Die erweiterte Variante dieser trostspendenden, bequemen Form des Fernsehens, die jede Art von Konfrontation mit der eigenen Entscheidungs-Paralyse umgeht: Serien anzuschauen, die nur irre bekannt wirken. Mal aufzuhören mit der Jagd nach neuen Erzählformaten.
Die britische TV-Serie "Wild Bill", deren sechs Teile nun bei ZDFneo in einem Rutsch zu sehen sind (und dann noch einmal je eine Doppelfolge an den folgenden zwei Freitagabenden), ist der Inbegriff dieser Idee. Mehr noch: Sie übererfüllt die Parameter.

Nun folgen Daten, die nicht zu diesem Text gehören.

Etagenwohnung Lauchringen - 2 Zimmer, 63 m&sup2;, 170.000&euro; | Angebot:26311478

Und dient damit als Eskapismus vom Bingewatching-Eskapismus.

Ein Krimi wie eine Landpartie
Das fängt schon mit dem Erzählrahmen an, eine gute, alte "fish out of water"-Story: US-Cop Bill Hixon landet in Lincolnshire, englische Pampa irgendwo nordöstlich von Nottingham. Ruf ramponiert, Frau tot, Tochter teenagert. Also: Neuanfang.

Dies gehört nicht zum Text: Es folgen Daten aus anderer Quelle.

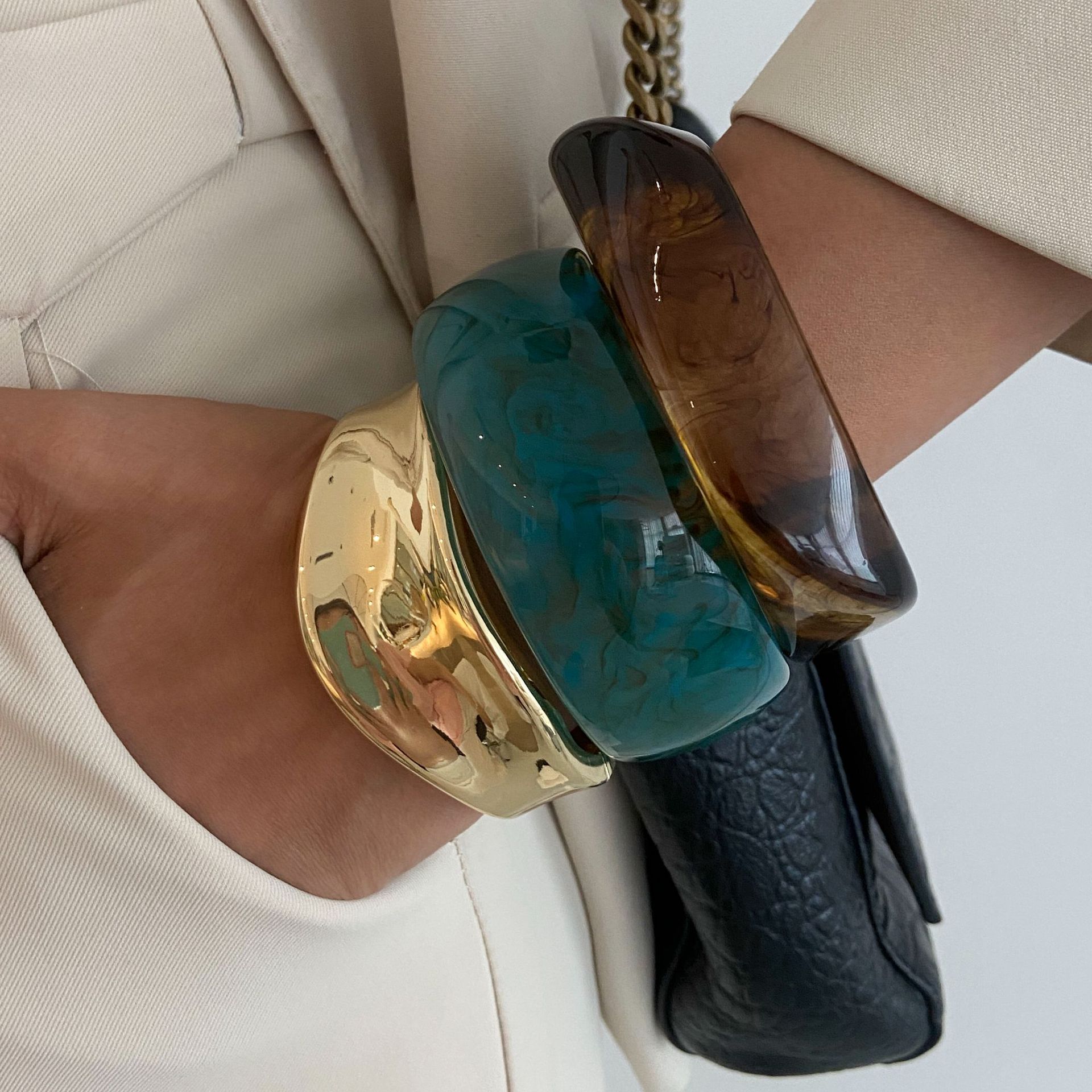 2025 Vintage Marble Swirl Polygon Bangle Iridescent Alloy Bracelet for Women European Retro Statement Arm Cuff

Als wäre das nicht genug, packten die Serienschöpfer Dudi Appleton, Jim Keeble und David Griffiths noch einen Dauerbrenner obendrauf: die ebenso verlässliche "Seltsames Paar"-Konstruktion. Hixon wird unterstützt von einer jungen Ermittlerin aus der Gegend (Bronwyn James), das Gegenteil seiner kosmopolitischen Attitüde (erinnert ein wenig an die Brandt/Sturm-Polizeirufe aus München).

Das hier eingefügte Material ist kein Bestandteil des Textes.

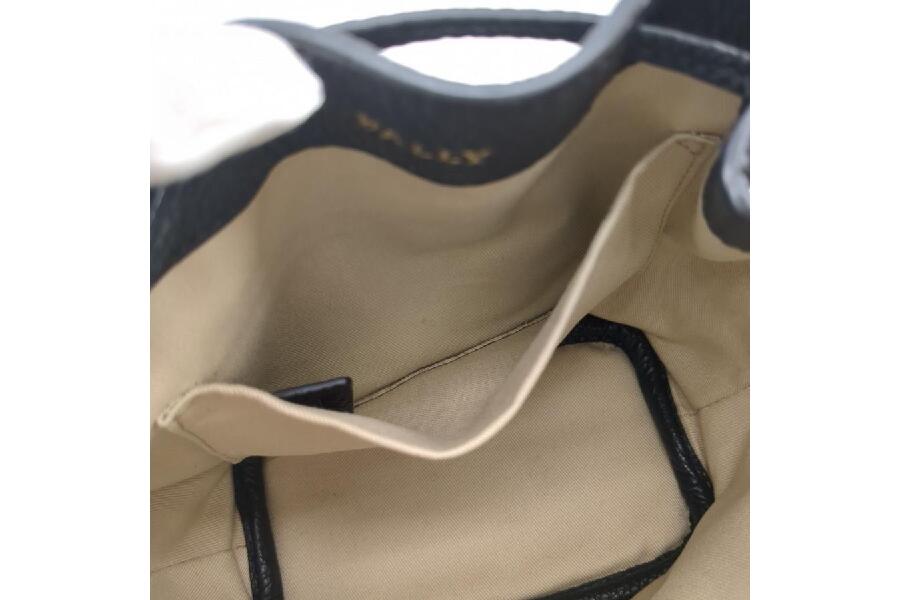 BALLY BALLM ブラックレザーショルダーバッグ（程B） #入荷しま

Hixon erinnert zwar mit seinem Namen an den Wildwest-Typen "Wild Bill" Hickok, Wildwesthut inklusive. Aber dieser hier ist wirklich kein Raufbold, richtig spannend wird’s auch nie. Liegt am Darsteller, der noch ein entscheidender Grund dafür ist, wieso alles so vertraut wirkt: Rob Lowe.
Rob Lowe, unser Anker
Man kann sagen, Rob Lowe ist die Meg Ryan des Fernsehens: Er spielt dies, er spielt das, und alles irgendwie gleich, egal ob "The West Wing" oder "Parks and Recreation". Was bei allen anderen Schauspielern als größtes Manko abgeheftet werden würde, dient hier als Anker. Lowe ist eine sichere Bank. Minimale Mimik, waidwunder Blick, man weiß, was man kriegt. Ihm dabei zuzuschauen, was er im Fernsehen immer so macht, diesmal nur in britischer Polizeichefuniform, ist, als würde man sich noch mal ins Bett legen. Und was soll daran bitteschön falsch sein.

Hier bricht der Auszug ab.